Substack—I discovered this week—is not just an email delivery service. It is also a platform for online communities, with forum and social network features. The vigorous discussions in comment threads on my posts suggests substack has exceptionally low friction for participation. And you are already involved, even if only by receiving emails! Maybe Substack is best for community participation, even if some other option such as Discord is technically superior.
In any case, there’s a tradeoff between my spending time writing versus spending time engaging with community. That can be textual, real-time video, or in person. Again, what matters to me is what would be most useful for you. What do you think about this?
“Notes” for quarter-baked ideas?
I often have quarter-baked ideas: too complex for twitter, but not thought-through enough for a formal web page. I’ve rarely made those public, for lack of a sensible medium.
I’m experimenting with using Substack’s “Notes” feature for this. I’ve written five Notes so far:
Meta-rationality and multi-rationality – separate developmental stages?
Life is a catastrophe—but not a serious problem – no existential fear
The forklift driver and the nature of fiction – characters do as they like
Dissatisfied with Dzogchen – where’s the account of activity?
Psychologists should blog phenomenology instead – drop the pretense!
These are 100-500 words each. (My web-book pages are typically 1000-5000 words.)
You can Like and comment on Notes; please do! Several of you already have.
There’s a big problem with Notes: most subscribers may never see them. You won’t if you subscribe by email, unless you go to my Notes tab on the web to check. If you use the Substack app, they are available in your Following feed, but easy to miss.
(If you are not already using the Substack app, I recommend it; it’s surprisingly good!)
When I’m in writing mode, I could spin off several short pieces per week. I could make them substack Posts rather than Notes, but then you’d get an email (or app notification) for every one.
Do you want that? I’ve previously promised no more than one post per week; but we could reevaluate that?
Alternatively, I could list and link Notes in less-frequent general update posts, as I did above. Or, I could limit quarter-baked ideas to one per multi-topic update post, and include its full text as a post section there. Or, would you rather all my writing effort went into larger, more serious work—finishing another of my books-in-progress sooner?
Informal update posts: Like them? Or not!
This post is a somewhat chatty letter about what I’m up to, covering multiple topics informally. Maybe reading these more often would be interesting for you?
I have mixed feelings as a reader myself—it’s great when someone explains how they doing something cool or unexpected; it’s time-wasting fluff cluttering my inbox otherwise.
So, how often do you want informal updates? Never? At limited intervals (once a week or once a month maybe)? Whenever there’s something I find interesting, regardless of how recently I posted one of these?

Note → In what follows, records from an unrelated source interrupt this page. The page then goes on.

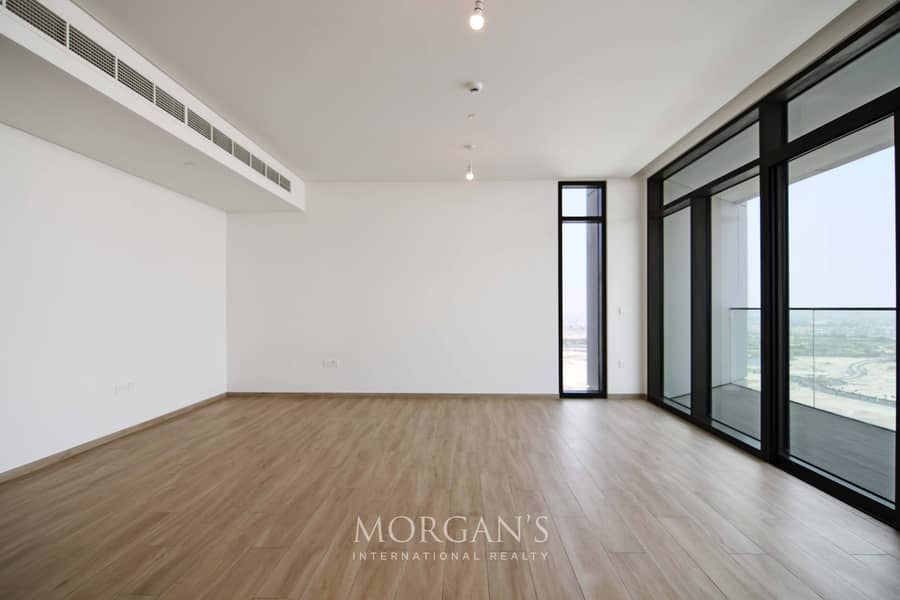 Branded Residences | Hotel Amenities | Dual Views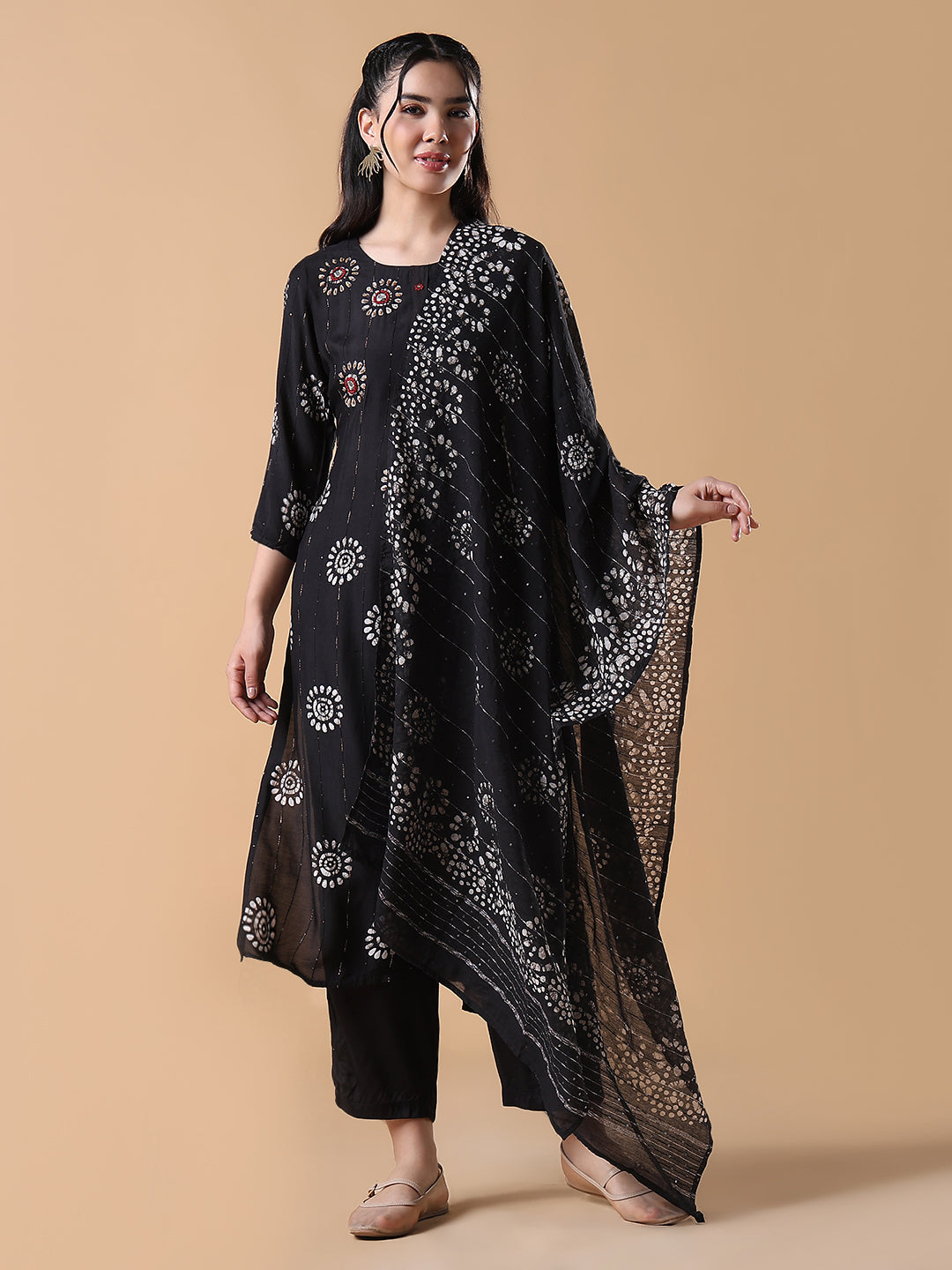 Women Floral Straight Black Kurta Set with Dupatta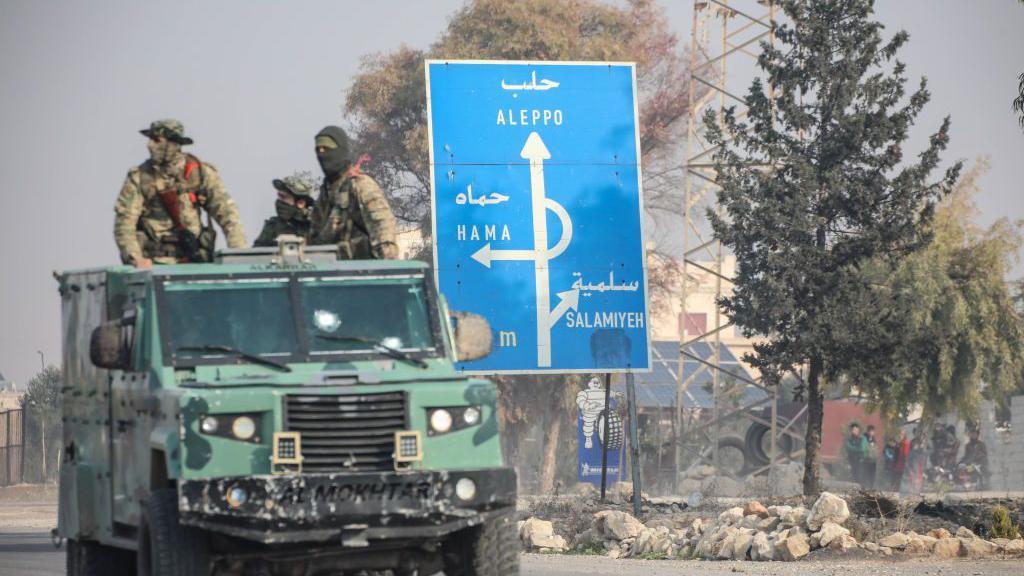 Bašar al-Asad: Od oftalmologa u Londonu do autoritarnog predsednika Sirije 8 Sirijski pobunjenici na vozilu u zelenim uniformama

Better without AI: It’s a real book! You can buy it!
I feel silly saying this again, since I’ve already tweeted it 4,237 times, and mentioned it repeatedly in the newsletter. However! I discovered last week that several people who follow me closely on twitter were somehow still unaware that, yes:
Better without AI is a finished book, which you can buy as a paperback or Kindle.
So they promptly did.
Browsing through your older posts, I was glad to see an actual writing queue listed out. I voted for the 'balance' option on your time poll here, but in retrospect I seem to find myself in agreement with the majority atm on book completion. Myself, I would personally be really interested to see what the complete stance chapter of Meaningness would look like. (Congrats on publishing Better Without AI btw)
Instead of posting notes, stockpile them, group them, and queue them up as newsletter posts for those weeks when you come down with a cold, or an unexpected life circumstance gets in the way. That would ensure a regular heartbeat of published writing. And it would come from only one delivery channel that we need to watch, which is my email inbox.